START DATA FOR ANALYSIS

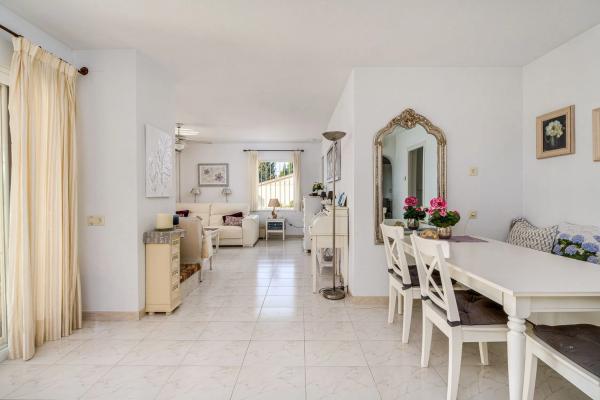 Chalet en calle Azorin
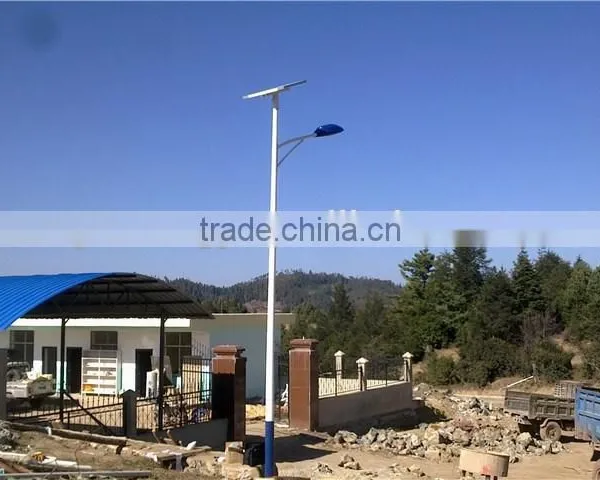 Manufacturer Supply 2015 New 4M 60W LED Solar Street Light photo-2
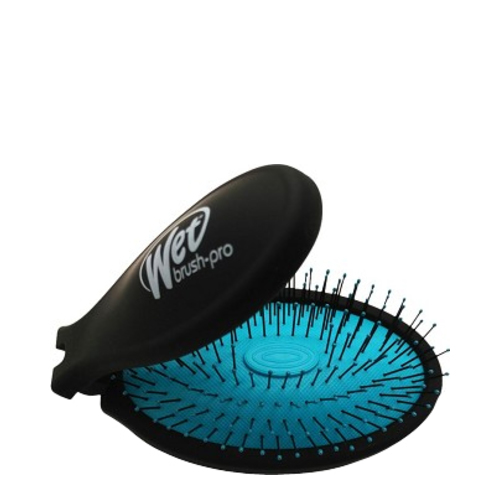 Wet Brush  Pop Fold Brush - Blue on white background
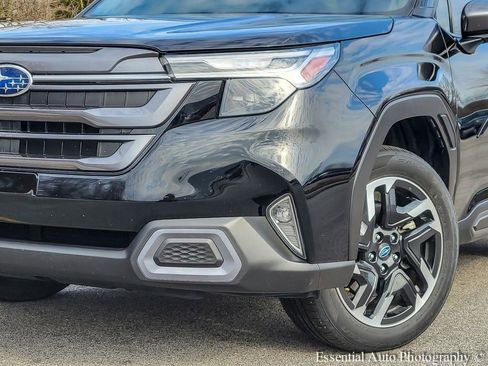 Used 2025 Subaru Forester Limited image 3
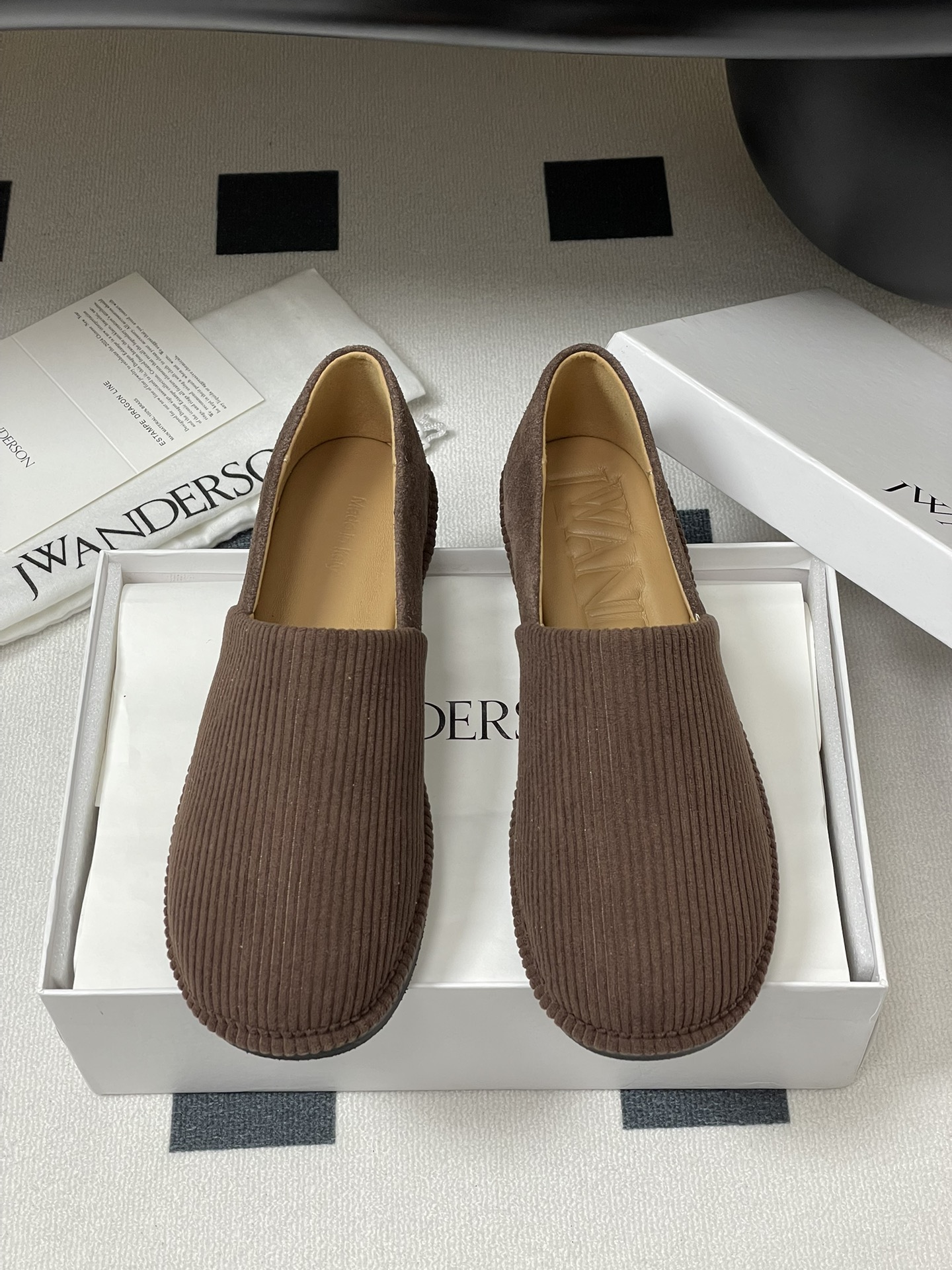 JW Anderson Spring Soft Shoe Collection: Cozy and Stylish Design - 图片 5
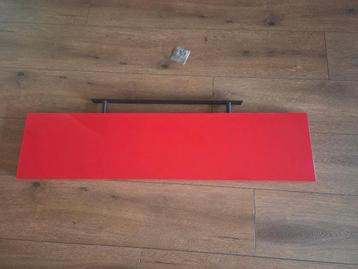 LACK boekenplank (110x26 cm, gratis)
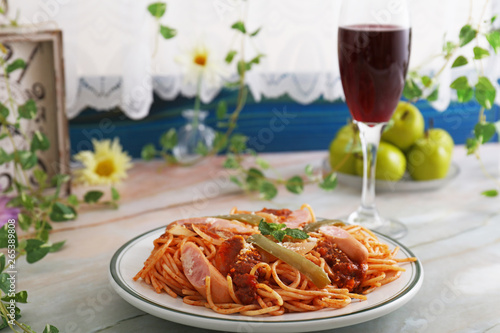 おいしそうなスパゲティとワイン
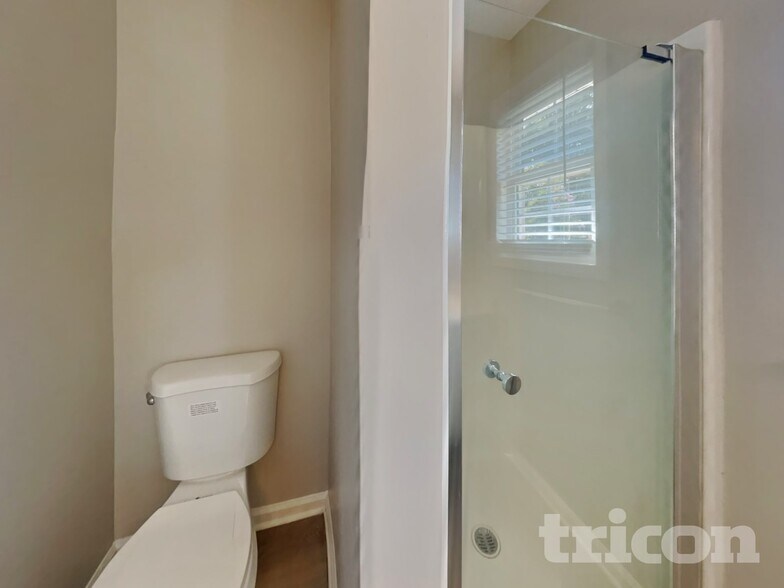 Building Photo - 5708 Green Apple Dr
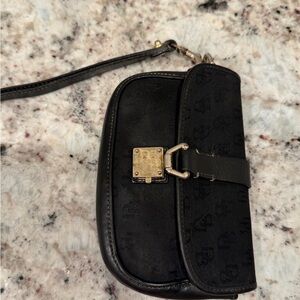 Dooney & Bourke Black Wristlet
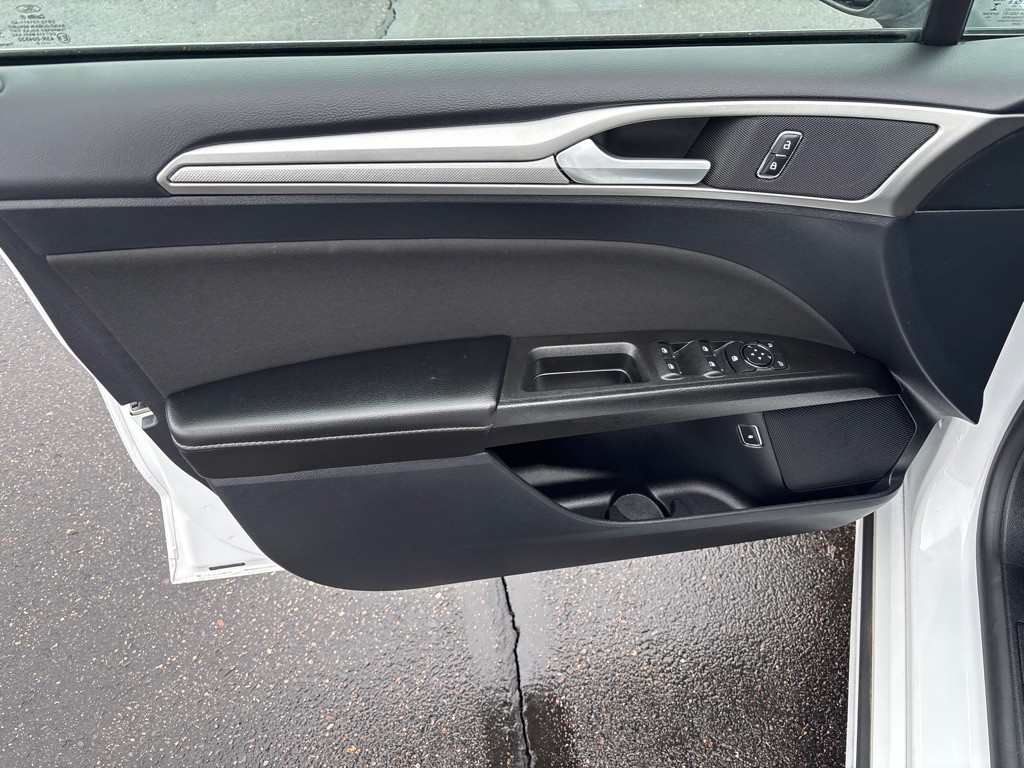 2020 Ford Fusion Image 9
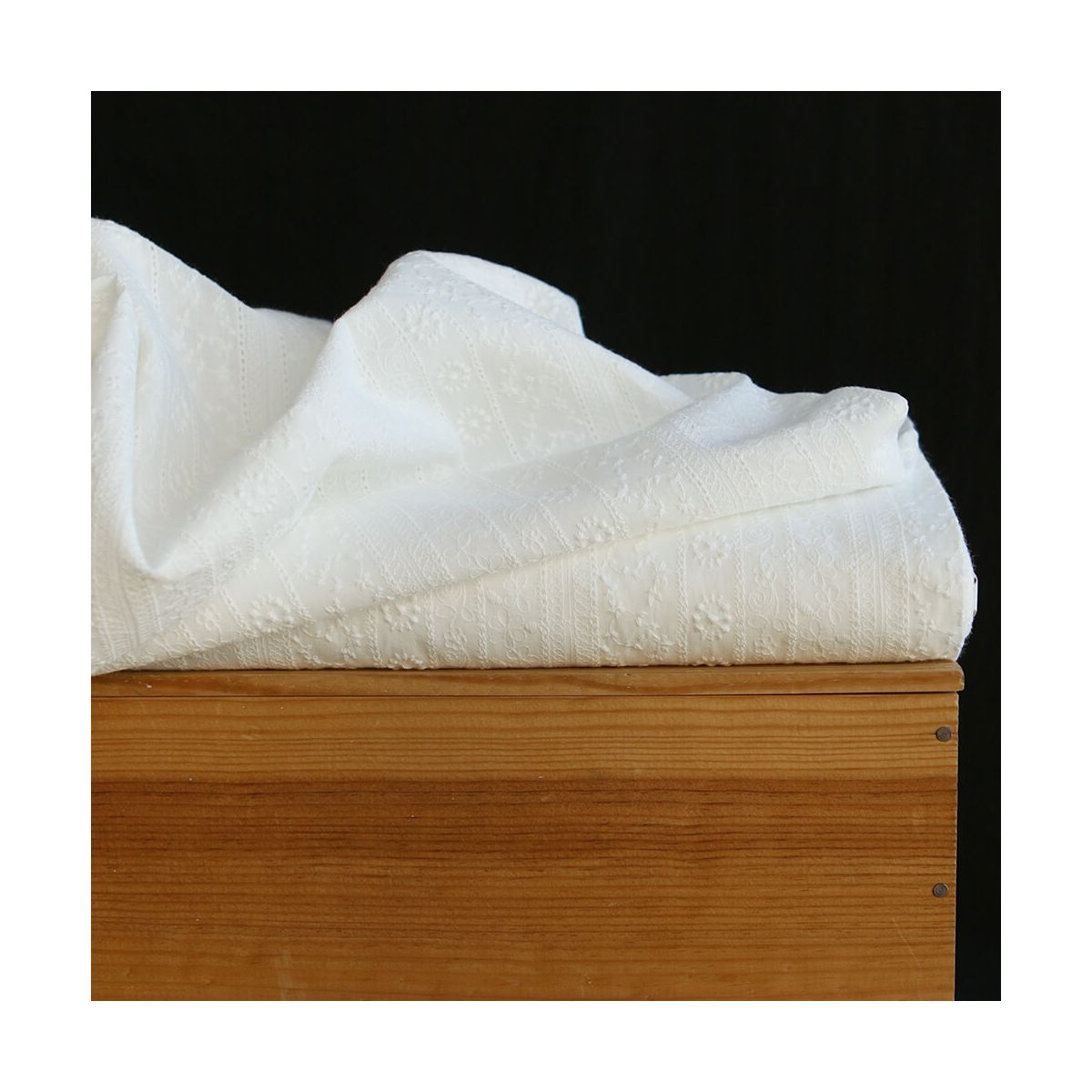 Lalie - Voile de coton blanc lait broderies bandes fleuries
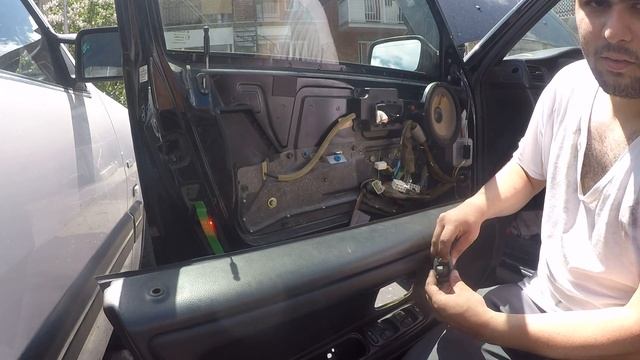 How to Replace Front Doors, Door Panels and more on P80 Volvo S70/V70 смотреть онлайн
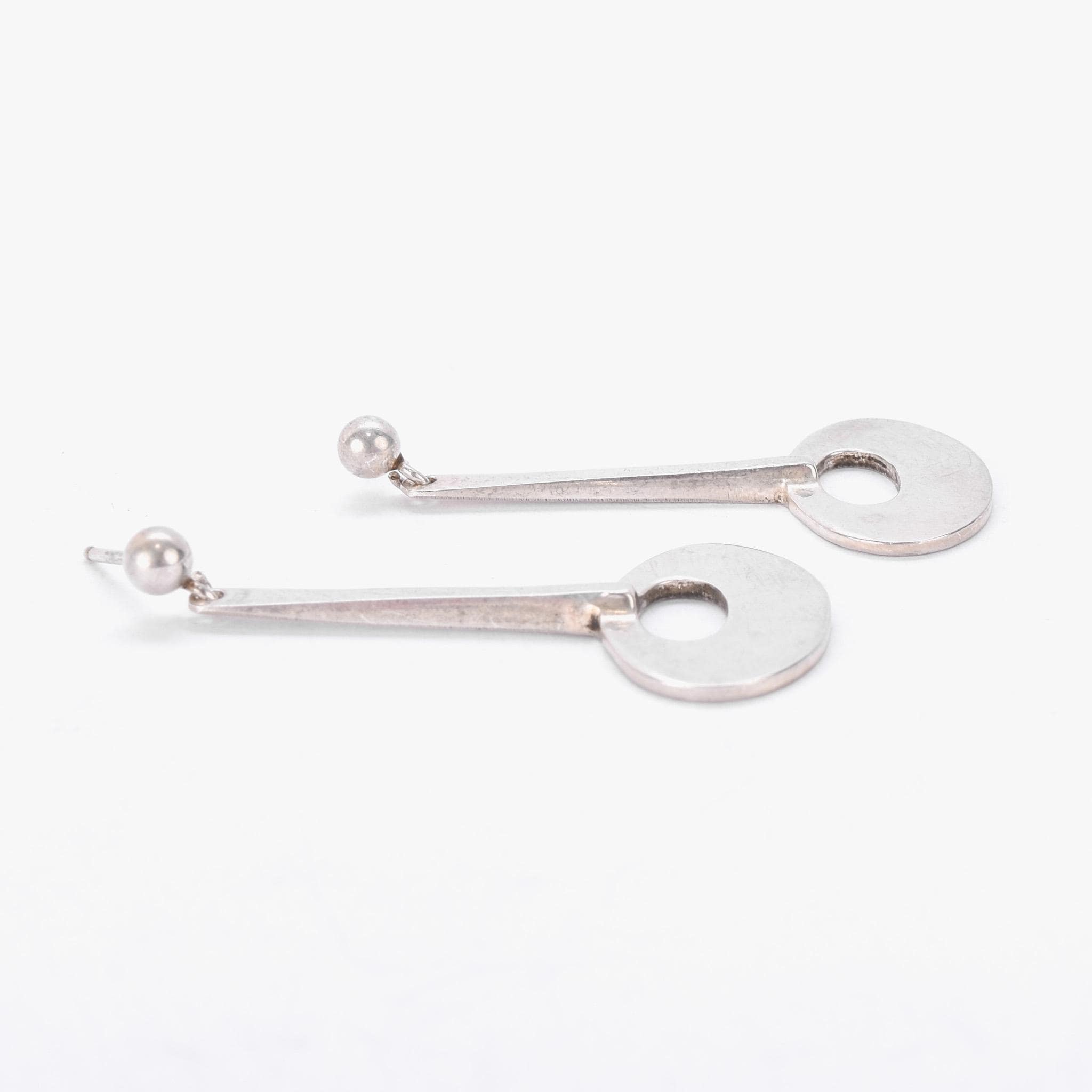 1960s Tone Vigeland Norwegian Mid-Century Sterling Silver Disc Dangle Earrings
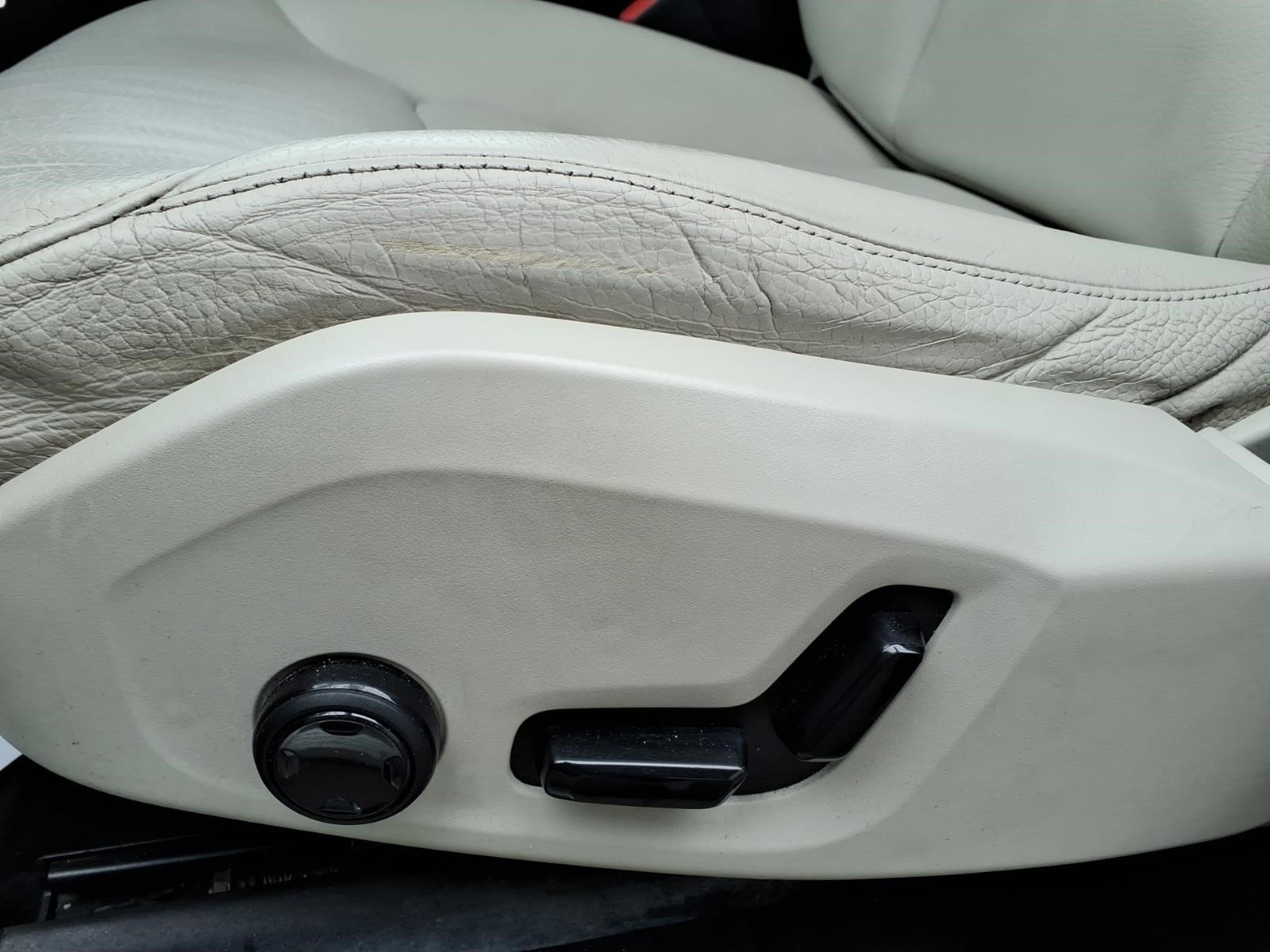 Used 2018 Volvo XC60 T6 Momentum w/ Convenience Package image 18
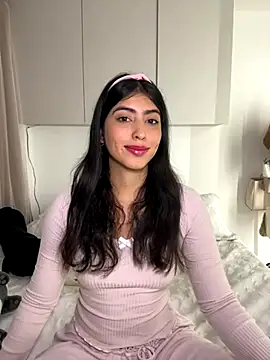 Snapshot of Gaby_zahir_ chatting on September 23, 10:29 am Gaby zahir online show from September 23, 10:29 am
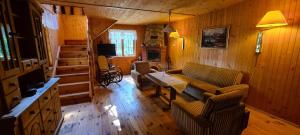 - un salon avec un canapé et une table dans l'établissement Domek Wilga, à Wilga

END DATA FOR ANALYSIS

Give again exactly the lines from the one that contains "Lalie - Voile" through the end of the material, both ends included, omitting the pictures.

**WRITTEN SOLUTION**:
 Lalie - Voile de coton blanc lait broderies bandes fleuries
 How to Replace Front Doors, Door Panels and more on P80 Volvo S70/V70 смотреть онлайн
 1960s Tone Vigeland Norwegian Mid-Century Sterling Silver Disc Dangle Earrings
 Used 2018 Volvo XC60 T6 Momentum w/ Convenience Package image 18
 Snapshot of Gaby_zahir_ chatting on September 23, 10:29 am Gaby zahir online show from September 23, 10:29 am
 - un salon avec un canapé et une table dans l'établissement Domek Wilga, à Wilga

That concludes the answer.